De Peter Weir, 1989
« Oh captain, my captain ! » déclamé à haute voix, par quelques étudiants debout sur leur bureau. Voilà l’image qui restera dans l’esprit de ceux qui ont vu (et revu) le Cercle des poètes disparus. Ça, et quelques tirades exceptionnelles sur la liberté de penser que Robin Williams, dans un de ses meilleurs rôles, égrène tout au long du film à une classe pendue à ses lèvres.
Dans la grande tradition des films de collège, Dead Poets Society est un classique un peu oublié de nos jours, signé par le toujours très inspiré Peter Weir (de Pique-Nique à Hanging Rock en 1975 à Master & Commander en 2003, en passant par Witness, Mosquito Coast ou encore The Truman Show).
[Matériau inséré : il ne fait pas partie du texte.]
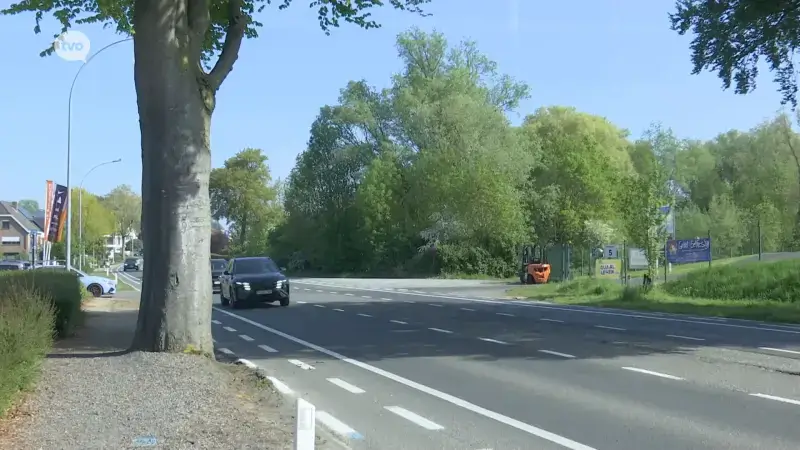 Na lange procedureslag komt er een McDonalds in Geraardsbergen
Basé sur un scénario original de Tom Schulman, oscarisé pour l’occasion, dont le seul autre fait d’arme est d’avoir scénarisé la même année Chérie, j’ai rétréci les gosses (si, si, je vous assure), le Cercle des Poètes disparus nous narre l’histoire d’un groupe de potes, fils de la grande et moyenne bourgeoisie américaine de la fin des années 50, tous élèves dans une académie/collège, très britannique dans sa manière de faire et son ambiance.
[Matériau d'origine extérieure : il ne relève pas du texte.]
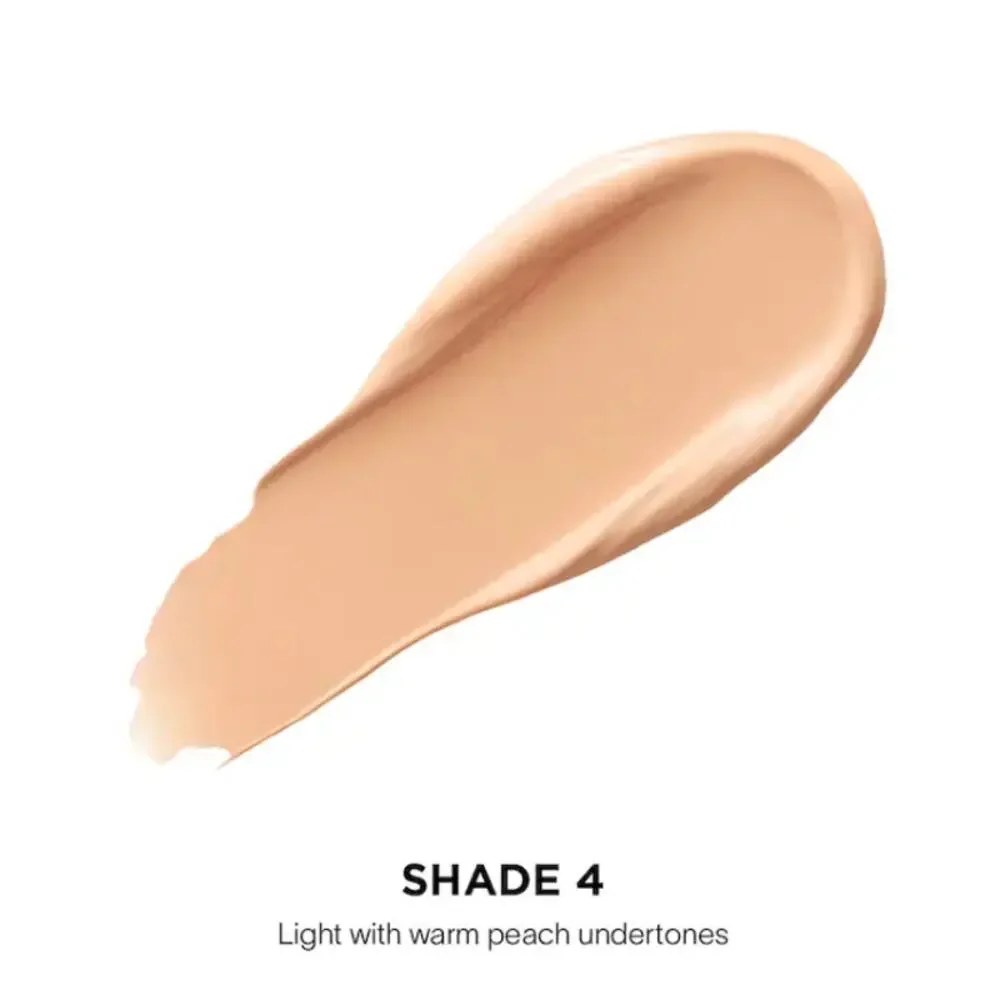 Hourglass Illusion Luminous Glow Foundation SPF 30 | Shade 4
En internat, ils vivent dans ce microcosme un peu suranné où les valeurs sont l’obéissance, l’étude, le respect de la règle. Jusqu’à qu’un professeur remplaçant, M. Keating, joué par Robin Williams (pour les deux pas attentifs, là, au fond de la classe), reprenne le cours de littérature anglaise. Et transforme son cours en une ode à la libre pensée, à l’expression de soi, à l’anti-conformisme.
Le film mélange alors habillement tous les poncifs du genre (braver l’interdit, l’étudiant qui va trop loin, le mouchard, les hormones qui dictent leur loi à une bande de garçons de 17 ans qui ne voient les filles que d’assez loin, dans leur collège unisexe, etc.) sans pour autant tomber dans le cliché. Bien que certains personnages secondaires ne soient qu’esquissés, on devine la richesse de leur histoire personnelle, la profondeur de leur conflit intérieur. Un court passage où l’on voit le professeur Keating s’attarder une minute sur la photo d’une femme qu’on devine sienne, qu’il a du laisser à Londres pour vivre sa passion de l’enseignement dans un collège dont il connait les limites et les contradictions pour en être lui-même un ancien élève, démontre tout fait cette richesse dans la direction d’acteur et la construction du scénario : nous vivions alors une époque où un film populaire (car c’est bien l’ambition de ce film) pouvait jouer sur le non-dit et ne pas être si inutilement explicite dans chacun de ses développements scénaristiques.
Le Cercle des Poètes disparus ne méprise jamais son spectateur : même les rares moments de slapstick comedy, comme lorsque Williams imite d’autres acteurs hollywoodiens classiques (il n’est alors pas tellement loin du Saturday Night Live de ses débuts), le film les propose soutenus par des dialogues d’une grande richesse, issus des classiques de la poésie, du théâtre et de la littérature anglo-saxonne. Et c’est, d’une certaine manière, rafraichissant de demander à son public un minimum de « temps de cerveau disponible » pour digérer les dialogues et s’ouvrir à leur signification, à leur rythme, à leur musicalité parfois, comme le font les presque-adultes membres du cercle qui donne son nom au film.
Porté par un casting laissant sa place à quelques acteurs chevronnés (Norman Lloyd dans le rôle du directeur acerbe de l’école, Kurtwood Smith dans le rôle d’un père abusif) et à une brochette de jeunes talents (dont Ethan Hawke, qui est le seul a voir réellement confirmé, et Robert Sean Leonard, qui campe un garçon sensible qui se révèle dans le théâtre suite aux suggestions de M. Keating se « profiter du moment présent« ), le film consacre surtout Robin Williams, qui joue ici, tout en subtilité et sans les excès qu’on lui connaîtra parfois plus tard dans une filmographie en dent de scie, un personnage doux, intelligent, iconoclaste et drôle. Un professeur que l’on aurait tous souhaité avoir, même s’il nous aurait certainement bousculé dans nos certitudes d’adolescent.
Le film est de plus particulièrement bien éclairé, tout en nuances de couleurs chaudes dans un premiers temps et pastels et froides dans la seconde moitié du film, et soutenu par les musiques de Maurice Jarre (le papa de l’autre) et les quelques classiques qui émaillent sa bande son. Le film amène le drame, son climax scénaristique et sa conclusion de manière tout à fait naturelle, même si ils n’en restent pas moins difficiles à accepter. Un grand classique, donc, qui devrait être réhabilité et montrer en classe par les professeurs qui n’ont pas l’éloquence suffisante pour porter le discours eux-mêmes. Carpe diem.